I was studying cubic spline interpolation and then I stumbled upon "Cubic runout spline". The idea behind it is that you set the boundary conditions for second derivatives to be:
$f_1''(x_0) = 2f_1''(x_1) - f_2''(x_2)$
$f_n''(x_n) = 2f_n''(x_{n-1}) - f_{n-1}''(x_{n-2})$
As a result, the first two and last two points have their own single curve.
Now, I've figured out the natural, clamped, periodic, not-a-knot type splines and their ideas and proofs, but this one for some reason confused me.
I want to try prove that $M_0 = 2M_1 - M_2$ <=> first 2 curves are the same.
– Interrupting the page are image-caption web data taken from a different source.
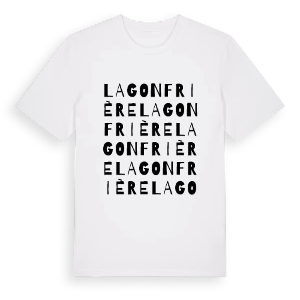 La Gonfrière ordlek t-shirt – ekologisk bomull t-shirt från Pinshirt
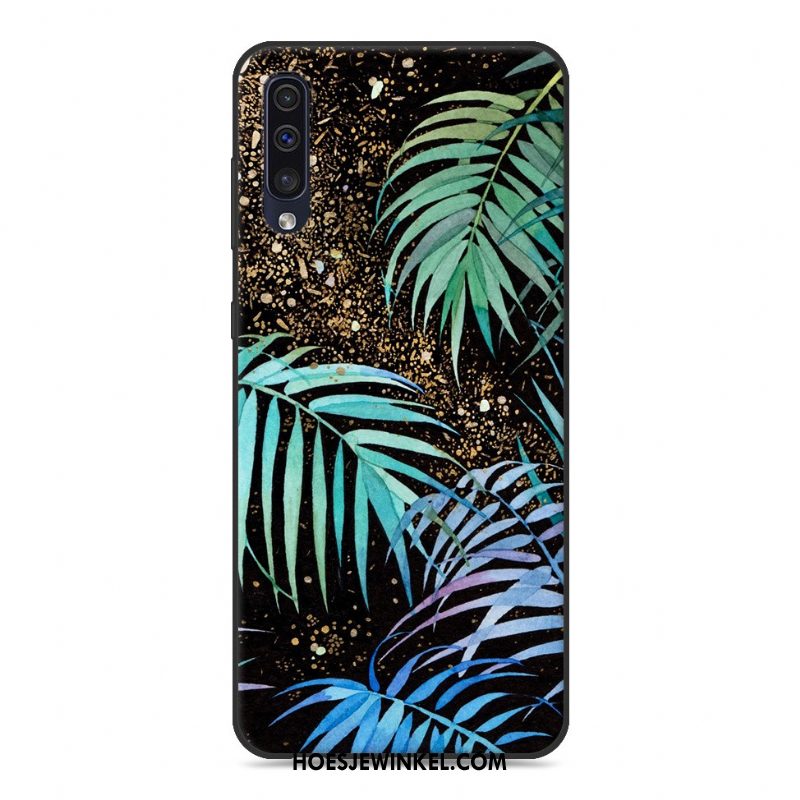 Samsung Galaxy A50 Hoesje Trend Anti-fall Siliconen, Samsung Galaxy A50 Hoesje Spotprent Zacht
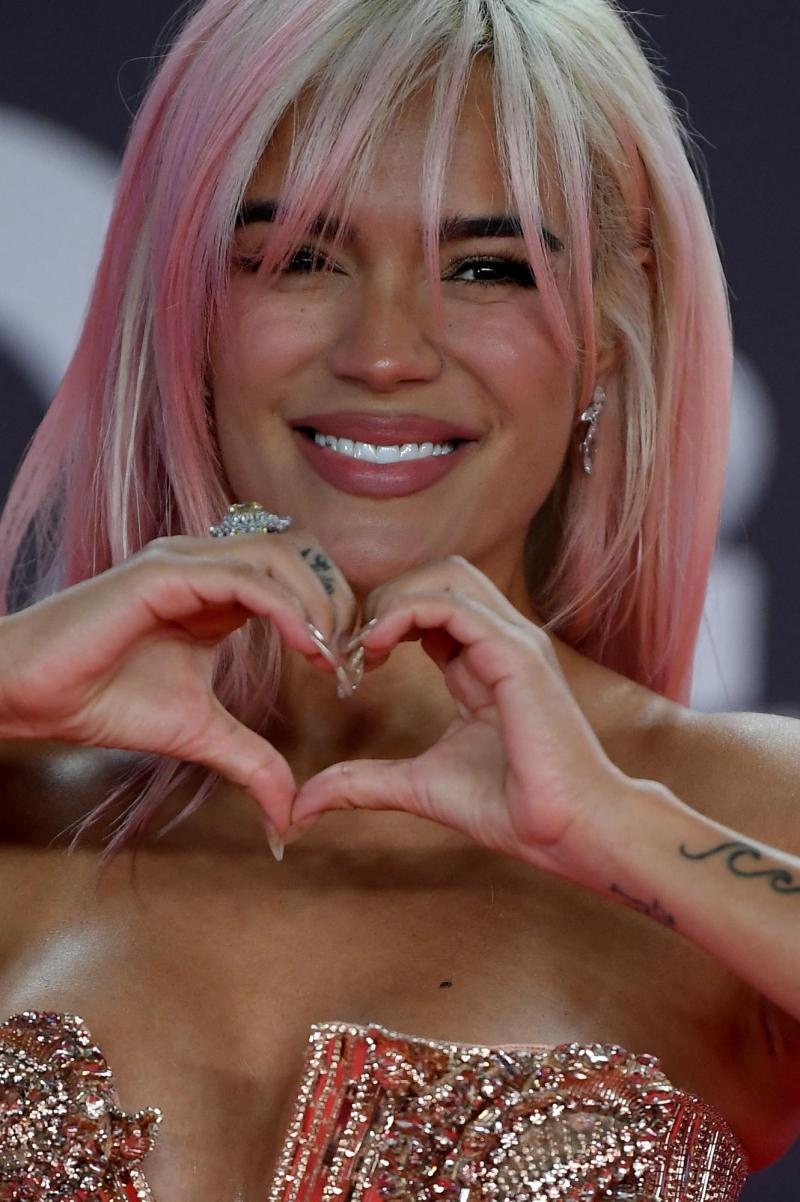 AFP - Karol G en los Premios Latin Grammy de este año.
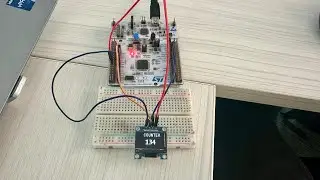 (Demo) SSD1306 OLED with STM32 Nucleo using STM32CubeIDE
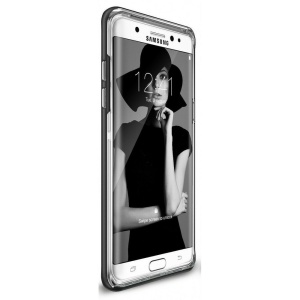 Husa Samsung Galaxy Note 7 Fan Edition Ringke FRAME BLACK + BONUS folie protectie display Ringke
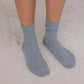 Rib Over Ankle Sock in Simon Grey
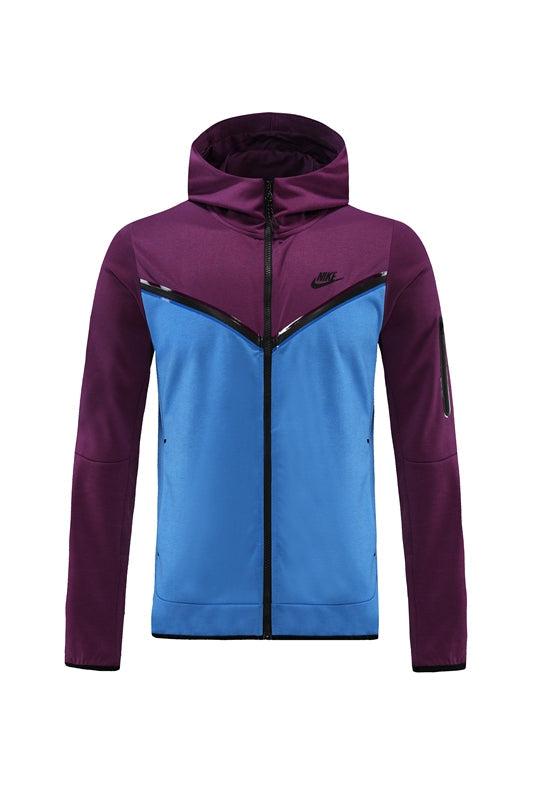Kit Conjunto Nike Tech Fleece - Jaqueta e Calça- Bordo/Azul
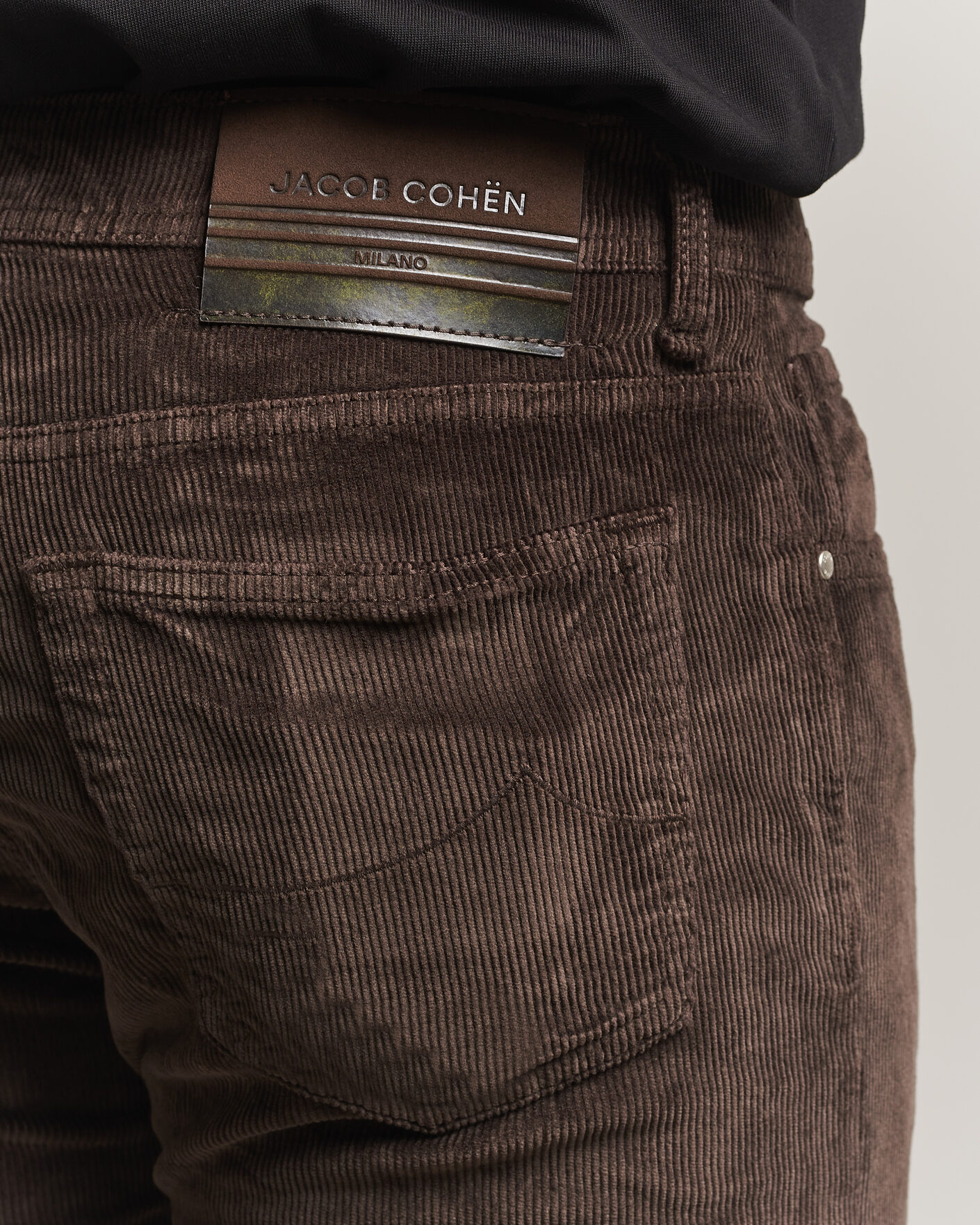Homme | Pantalons | Jacob Cohën | Bard 5-Pocket Medium Corduroy Trousers Brown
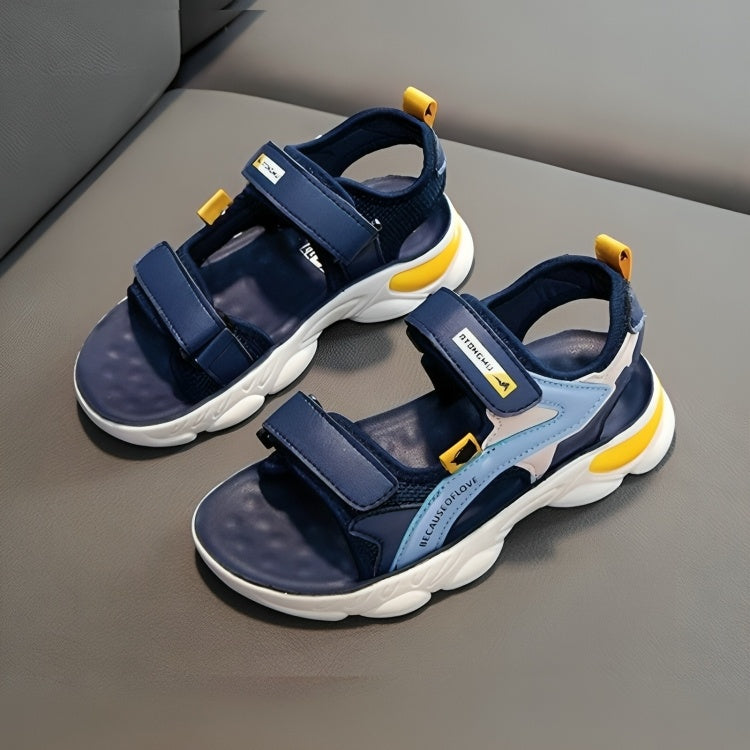 Retro Style Cosy Kids Outdoor Casual Sandal – Dark Blue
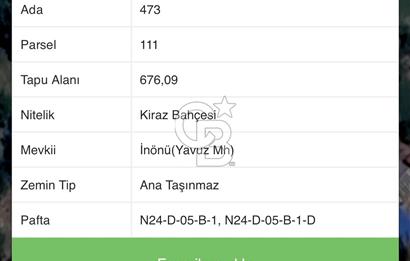KORKUTELİ YEŞİLYAYLA KÖY MERKEZİNDE 676 M2 BAHÇE VASFINDA ARAZİ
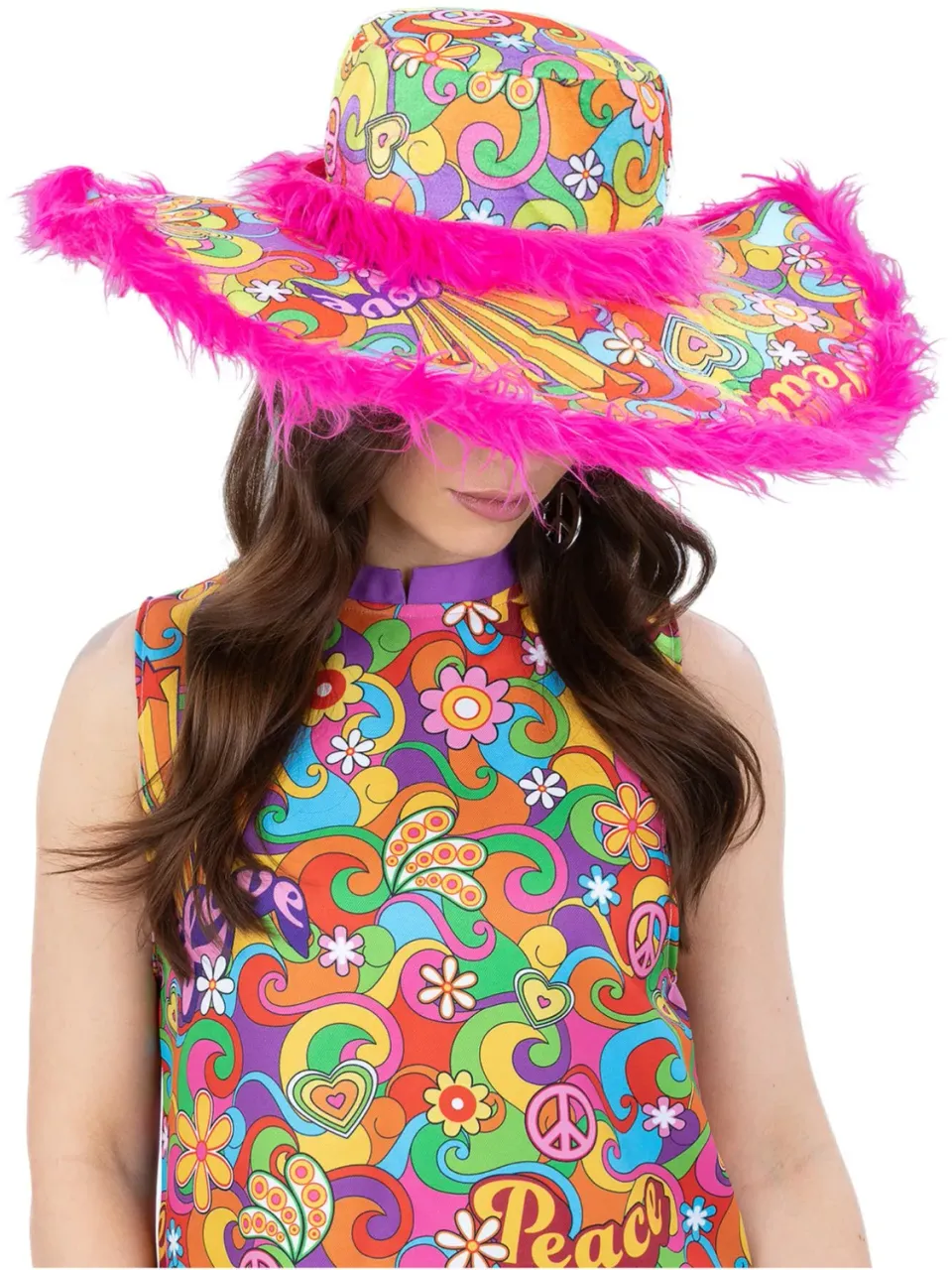 Smiffys Summer of Love cappello hippie fiori anni 60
I wrote a system of equations for $M_0, M_1$ and $M_2$, where $M_i$ - is a second derivative of our function at point i. I ended up with this:
$S_i(x) = \alpha_i + \beta_i (x - x_i) + \gamma_i (x - x_i)^2 + \delta_i (x - x_i)^3$
$M_0 = 2 \gamma_0$
$M_1 = 2 \gamma_1 = 2 \gamma_0 + 6\delta_0 h_1$
$M_2 = 2 \gamma_1 + 6 \delta_1 h_2$
$h$ is the difference between adjacent x-values
Now, I decided to split the solution into 2 parts: first one is where $h_1 = h_2 = h$ and the second is where they are different.
- for the first part: solving this from right to left (i.e. same curves => equation holds) yielded $\delta_0 = \delta_1 = 0$, which then gave me $M_0 = M_1 = M_2$, which gives me the final equation. Now, the opposite (left to right) proof kinda stopped me. I managed to derive the equality of delta but for gamma I failed to proceed further.
Could anyone give me a hint regarding the proper approach towards this?